Waiting for the Product Management Ombudsman? You Might Be Waiting a Long Time!
Many product managers and UX professionals feel marginalized by leadership teams that do not understand or respect their craft. While industry leaders advocate for best practices, many practitioners face resistance, suspicion, and demands for immediate ROI. There is a common desire for an industry solution or an ombudsman to enforce standards, but this is a misconception. Product management does not exist within a single, coherent industry with a regulatory body. Instead, it operates across diverse companies shaped by founder biases and market pressures. To effect change, practitioners must act as internal agents of change rather than waiting for external salvation. This requires moving away from ideological high horses and book talk that relies on jargon like MVPs or hypothesis-based development, which can sound like a foreign language to non-product leaders. Instead, PMs should frame their initiatives as solutions to problems leadership already prioritizes, such as high churn or stagnating sales. Proving the ROI of product practices is essential, even if difficult. Practitioners should seek cross-functional allies in Sales, Marketing, or Customer Success who have experienced better-functioning organizations to build a united front. Change is an incremental process. PMs must be willing to lose small battles to maintain credibility and long-term influence. In some cases, external help from consultants or coaches can provide the necessary perspective to validate internal efforts. Ultimately, if an organization shows zero appetite for change, practitioners must decide if the environment allows them to perform their role effectively.
Key Takeaways
- The Industry Ombudsman Fallacy: There is no central authority to enforce product standards because companies are shaped by unique founder biases and market pressures rather than a unified industry code.

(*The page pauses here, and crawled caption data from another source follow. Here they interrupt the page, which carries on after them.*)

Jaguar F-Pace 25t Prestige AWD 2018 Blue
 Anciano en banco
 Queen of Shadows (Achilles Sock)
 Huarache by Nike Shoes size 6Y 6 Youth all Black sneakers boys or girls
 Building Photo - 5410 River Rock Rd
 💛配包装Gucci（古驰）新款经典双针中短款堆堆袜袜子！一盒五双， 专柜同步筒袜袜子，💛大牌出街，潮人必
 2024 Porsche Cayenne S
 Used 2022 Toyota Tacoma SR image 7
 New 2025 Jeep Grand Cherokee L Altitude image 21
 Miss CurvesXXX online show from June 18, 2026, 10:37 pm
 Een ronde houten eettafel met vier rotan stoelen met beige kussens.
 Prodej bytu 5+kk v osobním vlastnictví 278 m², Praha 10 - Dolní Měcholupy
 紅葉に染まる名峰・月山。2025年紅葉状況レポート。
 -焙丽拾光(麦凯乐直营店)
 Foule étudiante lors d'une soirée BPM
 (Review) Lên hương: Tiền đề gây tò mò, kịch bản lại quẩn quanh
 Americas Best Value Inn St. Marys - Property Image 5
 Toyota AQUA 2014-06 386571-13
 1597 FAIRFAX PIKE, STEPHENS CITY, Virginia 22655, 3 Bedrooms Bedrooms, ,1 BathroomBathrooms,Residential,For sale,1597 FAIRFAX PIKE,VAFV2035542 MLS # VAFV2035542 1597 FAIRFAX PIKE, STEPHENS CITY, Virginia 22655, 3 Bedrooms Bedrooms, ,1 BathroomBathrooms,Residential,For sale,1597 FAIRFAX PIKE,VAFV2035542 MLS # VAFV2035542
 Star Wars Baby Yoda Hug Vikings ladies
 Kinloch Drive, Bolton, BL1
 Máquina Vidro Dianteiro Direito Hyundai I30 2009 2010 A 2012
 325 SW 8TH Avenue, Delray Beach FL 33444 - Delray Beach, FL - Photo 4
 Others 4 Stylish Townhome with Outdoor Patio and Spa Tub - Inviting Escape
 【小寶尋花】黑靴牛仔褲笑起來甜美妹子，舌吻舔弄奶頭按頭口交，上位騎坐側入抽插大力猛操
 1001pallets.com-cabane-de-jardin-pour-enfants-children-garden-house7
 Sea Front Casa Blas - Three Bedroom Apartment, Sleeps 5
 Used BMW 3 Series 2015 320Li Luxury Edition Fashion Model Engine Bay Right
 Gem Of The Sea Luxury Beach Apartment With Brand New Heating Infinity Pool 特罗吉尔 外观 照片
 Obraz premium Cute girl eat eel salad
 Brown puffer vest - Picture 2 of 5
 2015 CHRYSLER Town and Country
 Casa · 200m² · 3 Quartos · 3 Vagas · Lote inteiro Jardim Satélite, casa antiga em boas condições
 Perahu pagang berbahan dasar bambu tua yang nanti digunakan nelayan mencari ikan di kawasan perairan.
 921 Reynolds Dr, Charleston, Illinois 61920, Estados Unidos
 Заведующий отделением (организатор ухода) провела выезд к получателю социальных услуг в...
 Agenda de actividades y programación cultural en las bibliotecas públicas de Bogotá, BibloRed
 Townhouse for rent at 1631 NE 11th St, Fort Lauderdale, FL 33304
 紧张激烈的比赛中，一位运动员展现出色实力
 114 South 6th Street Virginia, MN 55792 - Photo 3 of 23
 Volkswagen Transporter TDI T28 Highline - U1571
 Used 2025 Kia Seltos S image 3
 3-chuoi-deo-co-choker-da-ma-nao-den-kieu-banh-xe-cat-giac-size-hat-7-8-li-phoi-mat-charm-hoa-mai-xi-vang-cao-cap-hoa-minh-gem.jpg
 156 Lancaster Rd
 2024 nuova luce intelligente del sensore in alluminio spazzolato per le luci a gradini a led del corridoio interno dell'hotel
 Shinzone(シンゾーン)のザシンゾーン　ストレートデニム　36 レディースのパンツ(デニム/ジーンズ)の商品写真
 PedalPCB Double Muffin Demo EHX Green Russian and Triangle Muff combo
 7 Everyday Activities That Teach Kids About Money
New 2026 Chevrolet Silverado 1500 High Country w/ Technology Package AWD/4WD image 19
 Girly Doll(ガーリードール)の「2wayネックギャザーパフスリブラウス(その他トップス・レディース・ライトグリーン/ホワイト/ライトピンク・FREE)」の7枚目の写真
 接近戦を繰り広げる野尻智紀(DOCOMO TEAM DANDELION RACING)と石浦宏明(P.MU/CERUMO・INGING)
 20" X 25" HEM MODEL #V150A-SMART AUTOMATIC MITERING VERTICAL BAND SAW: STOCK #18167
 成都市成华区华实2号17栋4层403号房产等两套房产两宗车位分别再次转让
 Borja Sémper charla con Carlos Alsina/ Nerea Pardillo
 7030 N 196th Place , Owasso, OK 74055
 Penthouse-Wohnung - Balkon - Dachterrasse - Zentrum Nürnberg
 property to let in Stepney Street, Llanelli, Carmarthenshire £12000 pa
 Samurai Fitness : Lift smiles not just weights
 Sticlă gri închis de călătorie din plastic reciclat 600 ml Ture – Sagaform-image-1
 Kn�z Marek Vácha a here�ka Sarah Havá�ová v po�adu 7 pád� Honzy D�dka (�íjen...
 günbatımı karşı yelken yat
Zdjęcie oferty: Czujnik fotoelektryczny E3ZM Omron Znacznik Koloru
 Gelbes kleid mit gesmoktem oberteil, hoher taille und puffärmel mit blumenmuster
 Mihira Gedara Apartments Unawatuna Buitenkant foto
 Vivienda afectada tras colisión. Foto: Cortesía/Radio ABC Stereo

- Problem Mapping over Practice Advocacy: Leadership cares about business outcomes like churn and revenue, not discovery or outcomes over outputs. Success requires translating product activities into these business metrics.
- The Power of Cross-Functional Coalitions: Resistance to product-led change is often viewed as a power grab. Partnering with allies in Sales or Marketing who have seen good product management elsewhere provides external validation and reduces friction.
- Strategic Pragmatism: Maintaining a seat at the table is more important than dogmatic adherence to frameworks. Being an inflexible fundamentalist burns credibility while incremental wins are more sustainable than total transformation attempts.
When the CEO Speaks, Should You Always Treat It as Gospel?
Product managers frequently struggle with the Conditor ex Cathedra phenomenon, where casual remarks or spitballing from a CEO are misinterpreted as official mandates. This behavioral pattern creates a destructive cycle: a CEO mentions a new technology like AI or a recent conversation with a major client, the product manager panics and immediately pivots the team's focus, and the original roadmap goals are missed. Ironically, the CEO often forgets the casual suggestion and later criticizes the product team for failing to deliver on the primary objectives they originally agreed upon. The term is borrowed from the Catholic concept of the Pope speaking with ultimate authority only when from the chair. In a corporate context, founders and leaders often brainstorm or play devil's advocate to keep teams sharp. When a product manager treats every suggestion as a decree, they inadvertently cause roadmap instability and team frustration. To break this cycle, PMs should avoid reacting in the moment. Instead of stuttering through an immediate response to look like they have everything covered, a more effective approach is to acknowledge the idea and promise to discuss it with the team later. Strategic patience is essential in these high-pressure interactions. Waiting a few days before following up allows the PM to ask the CEO if the new idea is truly more important than existing commitments. This follow-up should seek specific context: why is this important now, and what evidence supports the shift? The response from the CEO usually falls on a spectrum from just thinking aloud to a genuine, high-priority shift. If a change is necessary, the PM must own the new initiative rather than blaming leadership. Conversely, CEOs must recognize the weight their words carry and clearly distinguish between brainstorming and formal directives to prevent unintentional organizational whiplash and maintain team velocity.
Key Takeaways
- The Conditor ex Cathedra effect highlights a communication gap where executive curiosity is mistaken for executive command, leading to wasted engineering resources.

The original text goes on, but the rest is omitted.